JordanMoore · ‎09-01-2018

Nagios / OpsView / Sensu are popular options I've seen

StatsD / CollectD / MetricBeat are daemon metric collectors (MetricBeat is somewhat tied to an Elasticsearch cluster though) that run on each server

Prometheus is a popular option nowadays that would scrape metrics exposed by local service

I have played around a bit with netdata, though I'm not sure if it can be applied for Hadoop monitoring use cases.

DataDog is a vendor that offers lots of integrations such as Hadoop, YARN, Kafka, Zookeeper, etc.

... Realistically, you need some JMX + System monitoring tool, and a bunch exist

View solution in original post

kgautam · ‎08-30-2018

check_mk is what most use.
It is easy to configure provides you with a Nice UI with history saved.
The check_mk agents consume very less CPU and RAM hence avoiding any kind of any negative impact on any other application running on the Host.
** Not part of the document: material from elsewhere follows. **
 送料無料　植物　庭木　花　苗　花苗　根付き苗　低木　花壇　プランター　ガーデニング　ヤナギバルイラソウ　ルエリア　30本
mike_bronson7 · ‎08-30-2018

actually we think on tool that should installed on each linux machines , like the atop , the check_mk control the OS from WIN machines , and what we want is tool that give the info from the OS itself and runs on each OS itself

Michael-Bronson

stevenmatison · ‎08-30-2018

@Michael Bronson

i dont normally like to suggest non ASF options here in HCC, but have you checked out Elastic Beats? I am using MetricBeat to get unix cluster monitoring on our ambari nodes as well as windows workstations metrics such as:

CPU Used
Memory Used
Disk Used
Load Average
Inbound/Outbound Traffic
Host Processes
and more...

There is also a WinLog beat that allows us to tap into Windows Syslog and Performance Monitoring.

JordanMoore · ‎09-01-2018